[PATCH] D140908: [MemProf] Context disambiguation cloning pass [patch 1a/3]

Wed Mar 15 16:55:54 PDT 2023

snehasish added a comment.

Still working my way through `updateStackNodes`. Here are some of the comments I have so far --

For the IR based tests, I noticed some comments which describe how the code was compiled. I wonder if it makes sense to use synthetic IR (derived from the original source) to make the tests more readable and less brittle. I took the indirect.ll test and ran it through llvm-reduce. and found that the reduced IR was much easier to follow. I attached my test.sh script and the reduced IR for indirect.ll.
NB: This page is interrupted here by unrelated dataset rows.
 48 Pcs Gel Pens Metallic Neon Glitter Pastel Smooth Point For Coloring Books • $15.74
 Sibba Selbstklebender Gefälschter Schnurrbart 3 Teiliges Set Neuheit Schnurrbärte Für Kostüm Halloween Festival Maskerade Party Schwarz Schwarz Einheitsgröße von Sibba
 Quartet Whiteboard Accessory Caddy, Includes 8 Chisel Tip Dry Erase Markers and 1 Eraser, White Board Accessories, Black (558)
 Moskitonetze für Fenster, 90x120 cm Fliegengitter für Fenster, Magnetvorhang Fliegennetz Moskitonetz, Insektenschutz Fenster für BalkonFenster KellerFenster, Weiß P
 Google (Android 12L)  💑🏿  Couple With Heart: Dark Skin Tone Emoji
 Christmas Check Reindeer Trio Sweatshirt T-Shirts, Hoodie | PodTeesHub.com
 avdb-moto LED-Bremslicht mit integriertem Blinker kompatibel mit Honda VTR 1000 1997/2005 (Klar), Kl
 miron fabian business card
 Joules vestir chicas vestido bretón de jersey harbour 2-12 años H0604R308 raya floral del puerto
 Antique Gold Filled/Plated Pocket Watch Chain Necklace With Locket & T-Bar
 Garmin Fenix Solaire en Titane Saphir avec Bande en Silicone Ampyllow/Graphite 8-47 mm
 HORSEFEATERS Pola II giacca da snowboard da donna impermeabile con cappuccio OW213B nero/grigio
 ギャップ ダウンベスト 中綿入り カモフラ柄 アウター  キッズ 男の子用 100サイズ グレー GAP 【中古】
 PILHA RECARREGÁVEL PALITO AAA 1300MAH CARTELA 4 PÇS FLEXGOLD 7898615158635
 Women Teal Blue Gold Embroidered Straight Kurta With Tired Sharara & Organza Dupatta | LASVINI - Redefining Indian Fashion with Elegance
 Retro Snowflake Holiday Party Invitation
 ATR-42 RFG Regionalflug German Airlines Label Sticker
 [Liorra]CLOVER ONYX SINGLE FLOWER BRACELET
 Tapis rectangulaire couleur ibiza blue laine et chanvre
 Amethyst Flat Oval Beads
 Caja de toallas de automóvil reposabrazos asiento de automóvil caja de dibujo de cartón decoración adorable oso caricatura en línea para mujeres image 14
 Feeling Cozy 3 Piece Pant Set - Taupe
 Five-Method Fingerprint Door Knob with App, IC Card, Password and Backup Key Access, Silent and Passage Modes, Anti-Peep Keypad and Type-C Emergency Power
To run the reducer, `llvm-reduce --test=test.sh ../path/to/indirect.ll`. Let me know what you think.

F26810333: reduced.ll <https://reviews.llvm.org/F26810333>

F26810332: test.sh <https://reviews.llvm.org/F26810332>

================
Comment at: llvm/include/llvm/Transforms/IPO/MemProfContextDisambiguation.h:29
+    : public PassInfoMixin<MemProfContextDisambiguation> {
+  /// Run the context disambiguator on \p TheModule, returns true if any changes
+  /// was made.
----------------
I think `\p` is for parameters but here the parameter name is just `M`?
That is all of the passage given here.